# Cooking in the rain



## richard cameron (Nov 19, 2016)

I’m in sunny California where the sun shines all the time.  Of course the day that I plan on cooking pulled pork in my smoker it decides to rain.  So up goes my awning, and my cooking goes on. 













Cooking in the rain.jpg



__ richard cameron
__ Nov 19, 2016


----------



## SmokinAl (Nov 19, 2016)

Nice setup!

It rains so often here in Florida in the summer I just let it rain on the smoker.

Cools it down a bit but it picks right back up.

Maybe that's why we don't smoke too much in the summer, well that & the heat.

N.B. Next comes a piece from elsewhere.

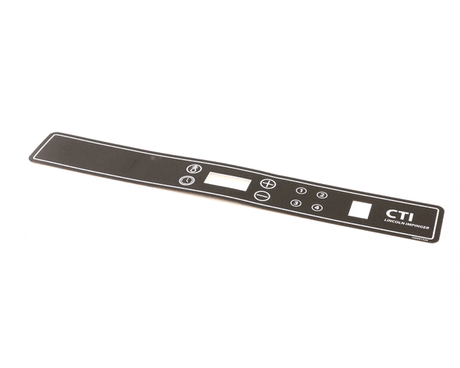 GARLAND PARTS 10004132 - SKU GL10004132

No rain these days & the smoke is rolling!

Al


----------



## bmudd14474 (Nov 19, 2016)

Gotta love it. Up here in the mountains of Nor Cal that would collapse under the snow. We are right on the snow line today at 5000'. A few more degrees of temp drop and we should have a decent amount of snow.


----------



## gearjammer (Nov 19, 2016)

Find a way, that's how smokers do it.

Where there is a smoker, there is a way.

We will be expecting pictures.

It will be great I'm sure of that.

Drink a beer and have fun.

  Ed


----------



## richard cameron (Nov 19, 2016)

Today was a busy day.  Not only did I cook some pulled pork, I also cooked pork sirloins, meatloaf, baked potatoes, and some burnt ends from some chuck roast that I cooked.  I took pictures of the pork picnic shoulder, and of the burnt ends.  Sorry no picture of the meatloaf.  It got eaten too fast.













Pork Picnic Shoulder.jpg



__ richard cameron
__ Nov 19, 2016


















Burnt Ends 1.jpg



__ richard cameron
__ Nov 19, 2016


----------



## SmokinAl (Nov 20, 2016)

Looks delicious!

Al


----------



## paul6 (Nov 20, 2016)

Looks Great ! Today in Sunny Arizona I am doing 2 racks of Spare Ribs and a Chuck and of coarse there is rain in the forecast for late morning . I am like Al I just let it rain on the smoker holding temps can be challenging . But if it was easy everyone would do it !


----------